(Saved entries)

--- --- ---

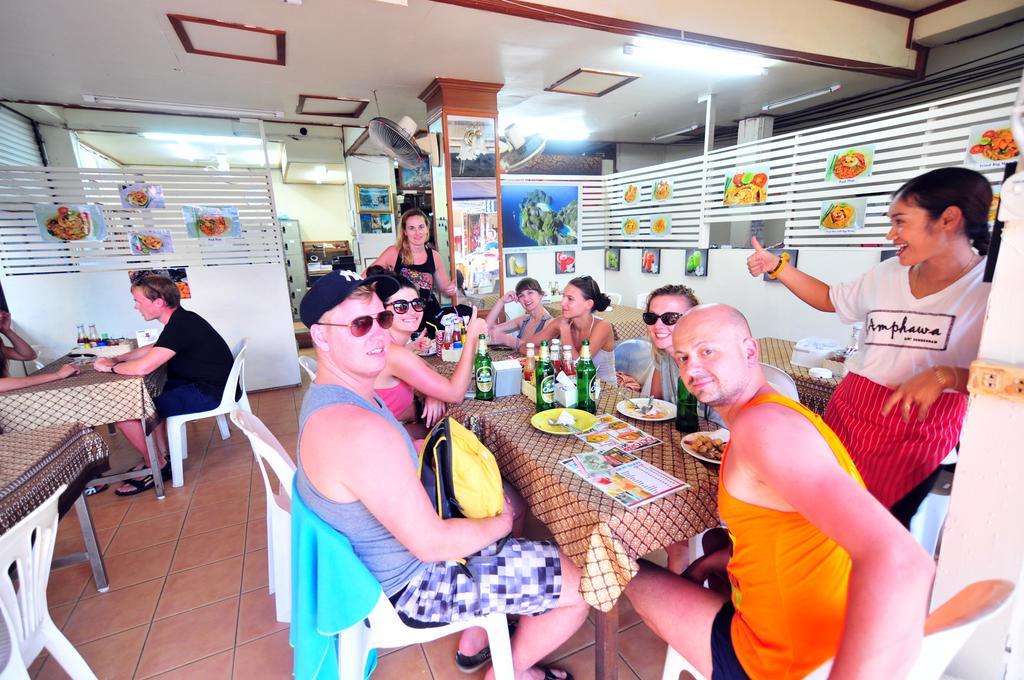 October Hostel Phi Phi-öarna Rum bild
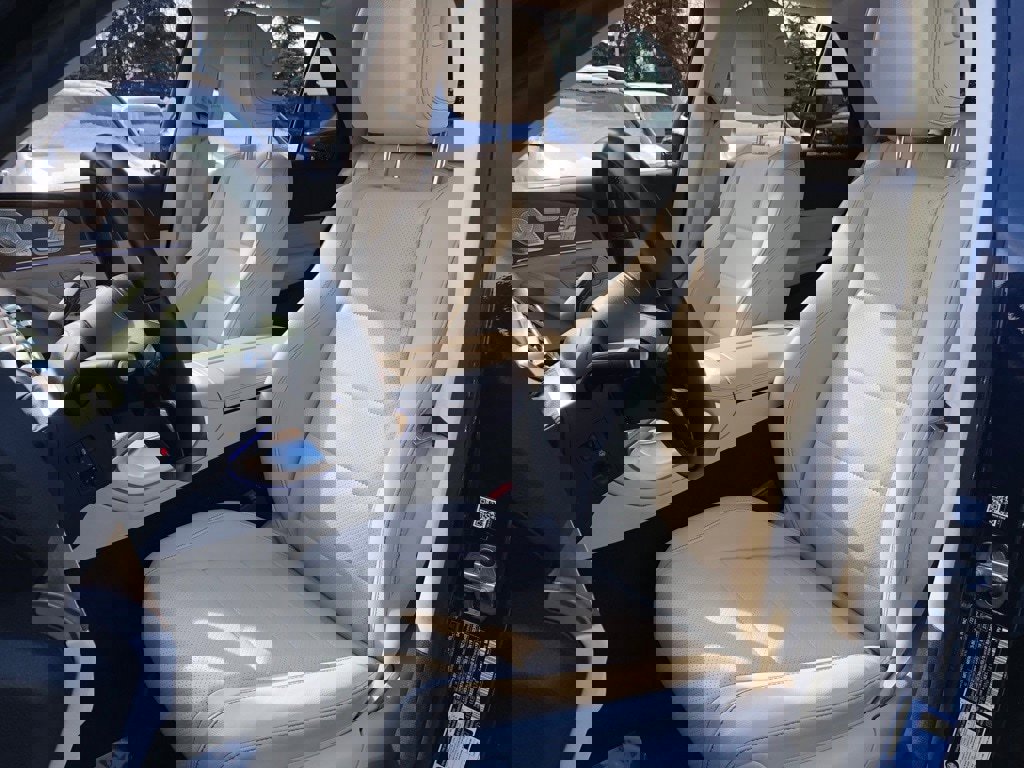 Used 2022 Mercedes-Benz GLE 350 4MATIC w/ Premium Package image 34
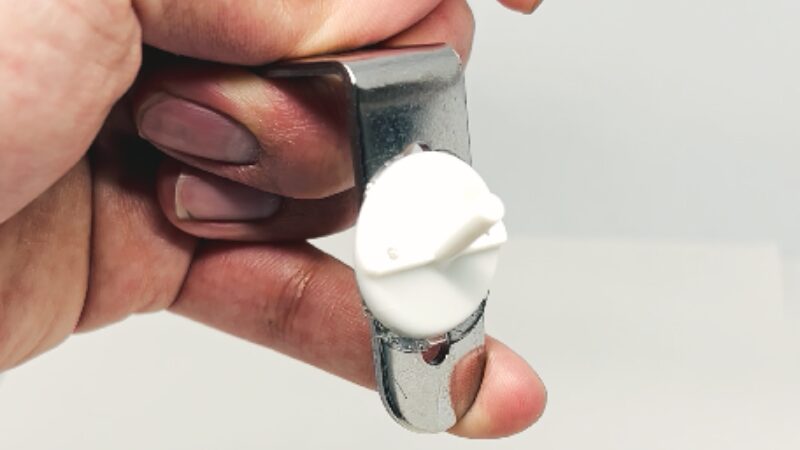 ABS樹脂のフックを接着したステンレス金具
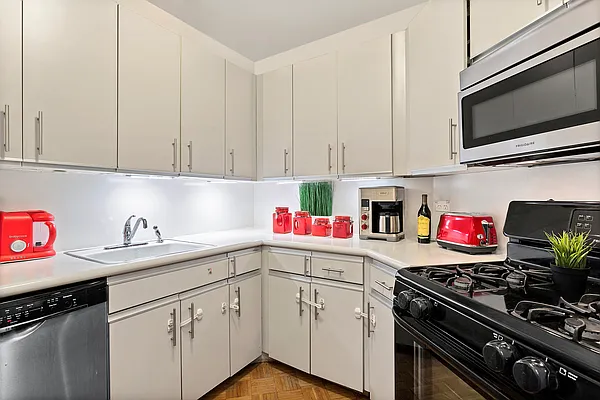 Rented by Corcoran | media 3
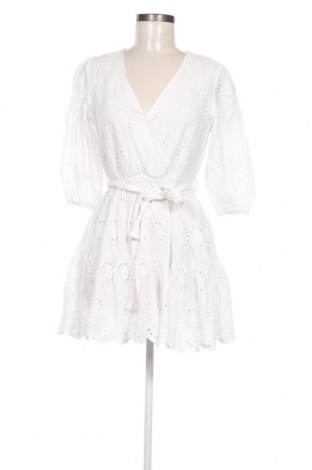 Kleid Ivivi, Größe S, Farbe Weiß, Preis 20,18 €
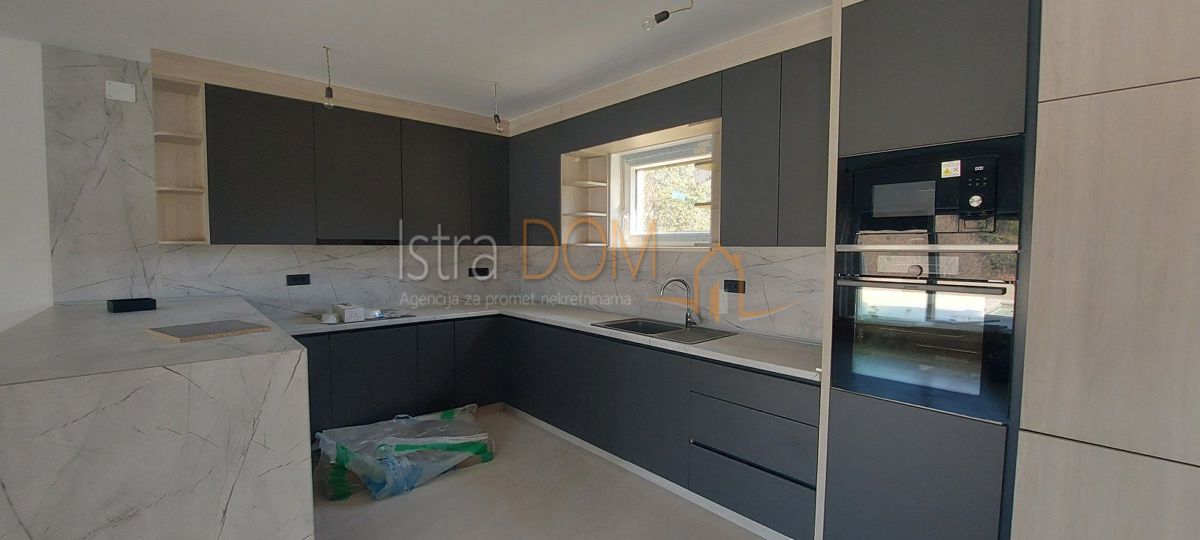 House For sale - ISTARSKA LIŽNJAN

--- --- ---

Assignment:
The answer must be an exact copy of the lines from the one containing "Rented by Corcoran | media 3" through the last line of the records, and nothing else. Pictures do not belong in it.

The answer:
 Rented by Corcoran | media 3
 Kleid Ivivi, Größe S, Farbe Weiß, Preis 20,18 €
 House For sale - ISTARSKA LIŽNJAN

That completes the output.